◆ **EXERCISE OBJECTIVE**: Type again, exactly, the lines below from the start through the line that includes "Forme 2028F Demande".

BEGIN RECORDS FOR THE TASK

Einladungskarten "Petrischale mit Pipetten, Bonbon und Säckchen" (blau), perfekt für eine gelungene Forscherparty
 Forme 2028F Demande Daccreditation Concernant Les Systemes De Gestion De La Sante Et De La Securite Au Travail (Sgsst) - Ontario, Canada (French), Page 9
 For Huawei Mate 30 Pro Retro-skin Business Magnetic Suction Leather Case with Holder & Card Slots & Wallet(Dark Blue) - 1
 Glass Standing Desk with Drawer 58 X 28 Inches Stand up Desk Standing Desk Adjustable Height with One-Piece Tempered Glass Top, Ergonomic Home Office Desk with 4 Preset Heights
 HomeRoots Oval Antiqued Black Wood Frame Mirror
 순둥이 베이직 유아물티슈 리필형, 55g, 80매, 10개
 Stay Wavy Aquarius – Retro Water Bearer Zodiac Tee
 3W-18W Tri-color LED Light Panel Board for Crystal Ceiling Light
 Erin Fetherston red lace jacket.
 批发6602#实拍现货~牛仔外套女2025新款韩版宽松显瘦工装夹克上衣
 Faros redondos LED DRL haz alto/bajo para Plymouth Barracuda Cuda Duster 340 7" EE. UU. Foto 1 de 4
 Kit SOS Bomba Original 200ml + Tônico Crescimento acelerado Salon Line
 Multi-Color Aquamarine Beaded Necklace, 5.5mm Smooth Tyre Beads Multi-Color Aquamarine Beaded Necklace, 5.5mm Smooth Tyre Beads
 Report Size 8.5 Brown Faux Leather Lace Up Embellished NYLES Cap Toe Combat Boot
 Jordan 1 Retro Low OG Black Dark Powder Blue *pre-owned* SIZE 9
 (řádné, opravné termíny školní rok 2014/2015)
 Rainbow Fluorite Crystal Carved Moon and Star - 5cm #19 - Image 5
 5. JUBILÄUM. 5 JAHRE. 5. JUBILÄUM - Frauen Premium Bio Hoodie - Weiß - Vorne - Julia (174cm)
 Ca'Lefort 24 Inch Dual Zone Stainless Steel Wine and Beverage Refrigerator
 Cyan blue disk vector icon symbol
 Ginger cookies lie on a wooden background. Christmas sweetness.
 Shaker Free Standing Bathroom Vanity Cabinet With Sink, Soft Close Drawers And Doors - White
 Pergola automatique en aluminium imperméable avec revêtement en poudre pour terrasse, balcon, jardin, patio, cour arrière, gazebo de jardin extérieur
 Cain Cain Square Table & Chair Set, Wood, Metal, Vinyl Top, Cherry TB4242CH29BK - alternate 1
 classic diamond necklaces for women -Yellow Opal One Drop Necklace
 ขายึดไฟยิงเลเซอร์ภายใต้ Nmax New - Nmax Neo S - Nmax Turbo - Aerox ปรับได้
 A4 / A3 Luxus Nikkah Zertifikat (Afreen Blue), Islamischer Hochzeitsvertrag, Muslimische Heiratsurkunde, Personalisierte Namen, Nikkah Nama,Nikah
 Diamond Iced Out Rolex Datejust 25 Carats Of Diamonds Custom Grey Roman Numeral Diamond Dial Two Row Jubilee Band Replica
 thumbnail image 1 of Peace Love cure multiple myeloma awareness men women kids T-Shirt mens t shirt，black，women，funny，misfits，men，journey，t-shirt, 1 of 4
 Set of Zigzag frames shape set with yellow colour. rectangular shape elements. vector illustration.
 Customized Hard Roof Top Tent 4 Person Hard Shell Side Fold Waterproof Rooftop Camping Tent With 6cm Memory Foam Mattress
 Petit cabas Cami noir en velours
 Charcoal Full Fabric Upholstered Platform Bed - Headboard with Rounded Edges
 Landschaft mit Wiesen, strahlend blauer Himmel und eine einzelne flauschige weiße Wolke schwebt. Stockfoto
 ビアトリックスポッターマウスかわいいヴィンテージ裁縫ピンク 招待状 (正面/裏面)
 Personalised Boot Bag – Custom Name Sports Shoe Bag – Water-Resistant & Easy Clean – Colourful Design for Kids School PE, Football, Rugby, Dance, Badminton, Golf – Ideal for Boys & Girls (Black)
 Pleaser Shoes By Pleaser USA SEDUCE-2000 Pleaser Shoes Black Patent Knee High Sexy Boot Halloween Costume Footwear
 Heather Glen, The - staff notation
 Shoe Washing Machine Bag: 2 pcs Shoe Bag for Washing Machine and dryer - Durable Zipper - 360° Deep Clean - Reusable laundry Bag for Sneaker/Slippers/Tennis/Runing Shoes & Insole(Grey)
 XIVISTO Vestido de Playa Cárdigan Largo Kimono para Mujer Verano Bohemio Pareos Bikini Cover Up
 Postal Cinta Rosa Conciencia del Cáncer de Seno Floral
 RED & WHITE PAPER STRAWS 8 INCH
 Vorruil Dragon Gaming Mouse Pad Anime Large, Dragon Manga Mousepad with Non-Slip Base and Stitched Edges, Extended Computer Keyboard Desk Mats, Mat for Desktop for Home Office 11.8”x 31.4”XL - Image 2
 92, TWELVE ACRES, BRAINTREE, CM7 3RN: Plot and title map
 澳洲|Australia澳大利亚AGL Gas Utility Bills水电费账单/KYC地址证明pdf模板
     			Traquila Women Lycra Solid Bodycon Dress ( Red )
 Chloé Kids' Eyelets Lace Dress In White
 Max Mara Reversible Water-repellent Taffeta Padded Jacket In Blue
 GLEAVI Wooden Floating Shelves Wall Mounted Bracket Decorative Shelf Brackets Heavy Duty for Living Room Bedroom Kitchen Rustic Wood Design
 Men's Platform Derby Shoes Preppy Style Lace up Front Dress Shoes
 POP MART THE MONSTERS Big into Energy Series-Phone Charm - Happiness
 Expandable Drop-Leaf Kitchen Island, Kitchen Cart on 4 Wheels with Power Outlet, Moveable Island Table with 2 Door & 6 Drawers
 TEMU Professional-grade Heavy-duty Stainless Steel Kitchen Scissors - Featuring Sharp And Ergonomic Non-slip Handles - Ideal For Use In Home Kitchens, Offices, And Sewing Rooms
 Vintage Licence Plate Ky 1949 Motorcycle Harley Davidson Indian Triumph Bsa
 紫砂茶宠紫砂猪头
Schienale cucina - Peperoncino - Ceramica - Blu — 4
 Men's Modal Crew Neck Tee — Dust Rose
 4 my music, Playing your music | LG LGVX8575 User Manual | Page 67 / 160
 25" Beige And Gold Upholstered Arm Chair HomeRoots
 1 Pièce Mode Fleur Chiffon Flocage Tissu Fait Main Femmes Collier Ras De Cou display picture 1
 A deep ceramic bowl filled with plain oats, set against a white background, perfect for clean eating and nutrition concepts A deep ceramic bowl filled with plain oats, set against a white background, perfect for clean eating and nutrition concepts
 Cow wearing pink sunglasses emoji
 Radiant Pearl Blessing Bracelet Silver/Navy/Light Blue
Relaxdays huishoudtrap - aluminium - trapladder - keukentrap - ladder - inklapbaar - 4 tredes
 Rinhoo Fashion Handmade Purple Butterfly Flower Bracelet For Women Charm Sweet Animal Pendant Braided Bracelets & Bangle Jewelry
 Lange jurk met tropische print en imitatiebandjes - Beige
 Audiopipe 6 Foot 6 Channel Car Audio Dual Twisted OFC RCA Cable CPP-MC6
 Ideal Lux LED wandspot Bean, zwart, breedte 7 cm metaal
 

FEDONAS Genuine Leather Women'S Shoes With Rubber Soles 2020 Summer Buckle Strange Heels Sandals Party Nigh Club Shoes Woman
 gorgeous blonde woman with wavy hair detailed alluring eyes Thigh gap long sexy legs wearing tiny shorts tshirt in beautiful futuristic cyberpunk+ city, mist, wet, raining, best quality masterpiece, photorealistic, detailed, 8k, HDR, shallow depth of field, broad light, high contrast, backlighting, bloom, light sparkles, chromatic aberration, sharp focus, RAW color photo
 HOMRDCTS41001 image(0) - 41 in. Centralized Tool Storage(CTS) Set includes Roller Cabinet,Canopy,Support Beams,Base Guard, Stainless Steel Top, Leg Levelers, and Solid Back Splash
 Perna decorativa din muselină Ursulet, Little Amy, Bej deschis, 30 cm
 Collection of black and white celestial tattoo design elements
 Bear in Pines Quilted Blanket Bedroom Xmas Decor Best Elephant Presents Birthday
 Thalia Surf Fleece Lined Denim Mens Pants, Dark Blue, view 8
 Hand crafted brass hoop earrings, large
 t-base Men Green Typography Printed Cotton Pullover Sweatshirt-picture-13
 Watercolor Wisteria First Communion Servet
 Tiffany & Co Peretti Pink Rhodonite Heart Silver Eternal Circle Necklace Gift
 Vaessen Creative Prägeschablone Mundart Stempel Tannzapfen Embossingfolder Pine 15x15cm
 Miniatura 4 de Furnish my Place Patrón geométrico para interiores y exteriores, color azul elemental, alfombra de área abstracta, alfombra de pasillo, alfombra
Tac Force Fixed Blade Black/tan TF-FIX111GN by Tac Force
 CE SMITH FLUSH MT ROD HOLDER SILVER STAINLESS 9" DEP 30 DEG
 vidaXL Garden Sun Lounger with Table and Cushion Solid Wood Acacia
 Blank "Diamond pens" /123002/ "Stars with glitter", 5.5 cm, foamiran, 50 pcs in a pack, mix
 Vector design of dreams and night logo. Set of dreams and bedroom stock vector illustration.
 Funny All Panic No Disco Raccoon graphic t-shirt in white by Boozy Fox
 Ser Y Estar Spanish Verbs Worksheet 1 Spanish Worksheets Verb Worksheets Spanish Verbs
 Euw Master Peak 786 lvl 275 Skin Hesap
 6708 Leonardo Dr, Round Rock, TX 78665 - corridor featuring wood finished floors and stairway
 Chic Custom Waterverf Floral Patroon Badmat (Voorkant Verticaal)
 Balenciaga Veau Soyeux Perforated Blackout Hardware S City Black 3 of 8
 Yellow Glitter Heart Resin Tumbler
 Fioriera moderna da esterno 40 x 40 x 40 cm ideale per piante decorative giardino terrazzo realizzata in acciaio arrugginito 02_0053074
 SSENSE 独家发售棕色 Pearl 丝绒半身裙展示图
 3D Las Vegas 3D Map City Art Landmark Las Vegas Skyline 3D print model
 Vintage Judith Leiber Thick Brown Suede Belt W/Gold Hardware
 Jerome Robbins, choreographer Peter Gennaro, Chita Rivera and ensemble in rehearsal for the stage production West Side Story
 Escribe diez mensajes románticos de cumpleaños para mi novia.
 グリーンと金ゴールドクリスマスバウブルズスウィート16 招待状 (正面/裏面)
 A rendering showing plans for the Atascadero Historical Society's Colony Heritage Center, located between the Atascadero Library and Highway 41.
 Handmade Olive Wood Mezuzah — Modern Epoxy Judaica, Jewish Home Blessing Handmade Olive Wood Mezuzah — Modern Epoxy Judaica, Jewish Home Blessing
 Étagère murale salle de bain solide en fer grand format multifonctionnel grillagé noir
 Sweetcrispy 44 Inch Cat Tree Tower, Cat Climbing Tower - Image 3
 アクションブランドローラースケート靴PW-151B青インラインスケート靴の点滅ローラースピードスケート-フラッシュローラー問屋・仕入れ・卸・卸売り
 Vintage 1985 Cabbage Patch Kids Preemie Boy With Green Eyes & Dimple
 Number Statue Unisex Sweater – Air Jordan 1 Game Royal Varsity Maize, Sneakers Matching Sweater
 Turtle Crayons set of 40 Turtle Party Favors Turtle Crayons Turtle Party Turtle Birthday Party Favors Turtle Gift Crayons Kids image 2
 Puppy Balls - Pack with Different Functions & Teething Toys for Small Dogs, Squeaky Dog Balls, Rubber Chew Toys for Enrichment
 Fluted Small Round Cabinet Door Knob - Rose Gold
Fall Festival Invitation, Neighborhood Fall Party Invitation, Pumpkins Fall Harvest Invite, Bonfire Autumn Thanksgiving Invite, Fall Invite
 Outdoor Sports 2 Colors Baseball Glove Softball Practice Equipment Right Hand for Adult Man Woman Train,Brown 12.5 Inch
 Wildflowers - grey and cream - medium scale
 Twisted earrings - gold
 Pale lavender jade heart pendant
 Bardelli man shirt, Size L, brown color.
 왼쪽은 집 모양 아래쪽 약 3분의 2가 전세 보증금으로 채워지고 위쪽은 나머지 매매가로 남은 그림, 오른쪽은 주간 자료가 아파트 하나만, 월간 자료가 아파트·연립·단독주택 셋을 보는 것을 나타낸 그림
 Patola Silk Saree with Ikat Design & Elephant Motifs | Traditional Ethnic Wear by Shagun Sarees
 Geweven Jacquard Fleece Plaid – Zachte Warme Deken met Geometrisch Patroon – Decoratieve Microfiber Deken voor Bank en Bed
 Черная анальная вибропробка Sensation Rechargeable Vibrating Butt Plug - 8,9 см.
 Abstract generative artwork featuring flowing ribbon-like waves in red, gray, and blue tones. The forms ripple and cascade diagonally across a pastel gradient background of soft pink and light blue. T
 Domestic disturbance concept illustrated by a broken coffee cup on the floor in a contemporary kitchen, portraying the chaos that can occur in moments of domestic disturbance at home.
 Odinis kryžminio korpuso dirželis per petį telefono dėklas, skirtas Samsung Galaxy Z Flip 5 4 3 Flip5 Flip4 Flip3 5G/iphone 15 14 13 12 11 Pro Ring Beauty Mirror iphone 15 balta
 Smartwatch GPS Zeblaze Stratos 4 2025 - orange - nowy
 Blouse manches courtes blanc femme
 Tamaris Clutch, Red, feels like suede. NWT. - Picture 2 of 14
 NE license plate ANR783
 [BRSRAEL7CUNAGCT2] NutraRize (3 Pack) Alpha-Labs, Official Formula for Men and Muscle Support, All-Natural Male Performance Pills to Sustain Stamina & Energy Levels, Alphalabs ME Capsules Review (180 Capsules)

END RECORDS FOR THE TASK

◆ **RESPONSE TO THE TASK**:
Einladungskarten "Petrischale mit Pipetten, Bonbon und Säckchen" (blau), perfekt für eine gelungene Forscherparty
 Forme 2028F Demande Daccreditation Concernant Les Systemes De Gestion De La Sante Et De La Securite Au Travail (Sgsst) - Ontario, Canada (French), Page 9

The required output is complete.